I was asking we take the +2q as a whole in spite of the fact that they are distributed.

 

[ehild]

I was asking we take the +2q as a whole in spite of the fact that they are distributed.

The whole charge is -2q, and it is distributed evenly on the outer surface of the inner shell.
Remember "charge" is not an object but a property. There are particles with charge. That -2q charge can belong to a lot of excess electrons, which are distributed on the surface.

 

[gracy]

But at r= c why Electric field s not zero?Charge enclosed is zero.

 

[gracy]

Charge enclosed is zero.

+2q &-2q cancel each other.

 

[ehild]

But at r= c why Electric field s not zero?Charge enclosed is zero.
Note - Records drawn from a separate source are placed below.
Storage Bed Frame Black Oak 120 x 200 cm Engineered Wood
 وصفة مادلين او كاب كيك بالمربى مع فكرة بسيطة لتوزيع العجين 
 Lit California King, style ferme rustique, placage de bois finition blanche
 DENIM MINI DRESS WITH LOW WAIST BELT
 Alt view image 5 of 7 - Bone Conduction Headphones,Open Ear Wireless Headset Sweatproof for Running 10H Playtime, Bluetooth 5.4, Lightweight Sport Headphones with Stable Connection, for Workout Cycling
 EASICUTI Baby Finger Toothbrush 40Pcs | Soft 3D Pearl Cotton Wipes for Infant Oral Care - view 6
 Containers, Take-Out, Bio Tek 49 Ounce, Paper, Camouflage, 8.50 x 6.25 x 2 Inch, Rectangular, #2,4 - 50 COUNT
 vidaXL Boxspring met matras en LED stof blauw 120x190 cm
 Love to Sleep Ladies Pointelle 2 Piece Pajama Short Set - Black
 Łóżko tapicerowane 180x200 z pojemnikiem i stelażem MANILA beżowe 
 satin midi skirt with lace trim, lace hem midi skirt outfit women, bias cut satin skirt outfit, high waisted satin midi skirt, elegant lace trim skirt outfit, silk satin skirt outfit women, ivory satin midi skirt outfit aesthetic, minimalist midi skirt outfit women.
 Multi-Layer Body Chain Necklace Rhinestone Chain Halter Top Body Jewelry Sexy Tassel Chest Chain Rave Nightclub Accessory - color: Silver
There is discontinuity of the field at r=c. E is not zero for r<c and E= at r>c

 

[gracy]

There is discontinuity of the field at r=c. E is not zero for r<c and E= at r>c

so how to deal with it?with that formula ;given by blueleaf 7?but I have something to ask about it.

 

[ehild]

+2q &-2q cancel each other.

The 2q and -2q cancel each other inside a Gaussian sphere which radius is greater than c. It might by greater only by the size of an atom, but it must be grater.

 

[gracy]

The 2q and -2q cancel each other inside a Gaussian sphere which radius is greater than c

you mean +2q is at distance which might by greater only by the size of an atom, but it must be grater than c

 

[ehild]

so how to deal with it?with that formula ;given by blueleaf 7?but I have something to ask about it.

Blueleaf said that E=0 inside the metal shell, for<r<d. r = c is the boundary between the empty space and the body of the metallic shell. E is defined at both sides of this boundary, but these values are not equal. E is not a continuous function.

 

[ehild]

you mean +2q is at distance which might by greater only by the size of an atom, but it must be grater than c

NO. That 2q is at distance c from the centre, but the Gaussian surface must be a bit farther inside the shell. Its radius is r>c. It can be greater than c by the size of an atom, but it must be greater.

 

[gracy]

but the Gaussian surface must be a bit farther inside the shell

why?

 

[ehild]

Electrodynamics treats the materials as if they were continuous, but they are corpuscular, consist of atoms.
The metal shell consists of positive ions and the free electrons around them. The +2q charge comes from the ions which miss their electrons, as the -2q charge of the inner shell repel them. These "lonely" ions are distributed on the inner surface of the outer shell, they are among the surface ions. So the surface layer of the metal shell is different from the inner part of the metal, which is electrically neutral. The charge is distributed in that surface layer which has thickness of about an atom. What is true for the inside of the shell, it is not true for the surface layer. You can apply Gauss' Law on a region where the electric field is "regular", inside the metal, where it is zero. A sphere with radius greater than c by at least the size of one atom encloses the whole 2q charge.

You can also say that the electric field is not defined at r=c, also the enclosed charge is not defined for a sphere with r=c.

 

[gracy]

electric field is not defined at r=c

But in my graph #19 it has been given magnitude of 1/4πε0.-2q c^2

 

[ehild]

Your formula is wrong. Use parentheses.
E is something at one side of the boundary and zero at the other side. You can calculate the limits of E at c at both sides, but they are not equal.